> **Exercise**:
Omit every image, and transcribe the remaining entries exactly as given.

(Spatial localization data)
↓

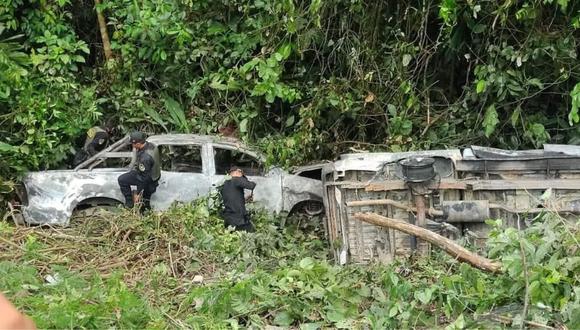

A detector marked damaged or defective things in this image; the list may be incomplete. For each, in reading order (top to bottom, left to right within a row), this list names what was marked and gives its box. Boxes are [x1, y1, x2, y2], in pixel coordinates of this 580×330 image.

burned car [18, 134, 324, 227]
second burned vehicle [17, 134, 326, 227]
burned car body [19, 135, 326, 226]
burnt wreckage [322, 146, 580, 264]
overturned truck [324, 144, 580, 266]
burned car body [324, 144, 580, 266]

↑

> **Output of the task**:
A detector marked damaged or defective things in this image; the list may be incomplete. For each, in reading order (top to bottom, left to right within a row), this list names what was marked and gives its box. Boxes are [x1, y1, x2, y2], in pixel coordinates of this 580×330 image.

burned car [18, 134, 324, 227]
second burned vehicle [17, 134, 326, 227]
burned car body [19, 135, 326, 226]
burnt wreckage [322, 146, 580, 264]
overturned truck [324, 144, 580, 266]
burned car body [324, 144, 580, 266]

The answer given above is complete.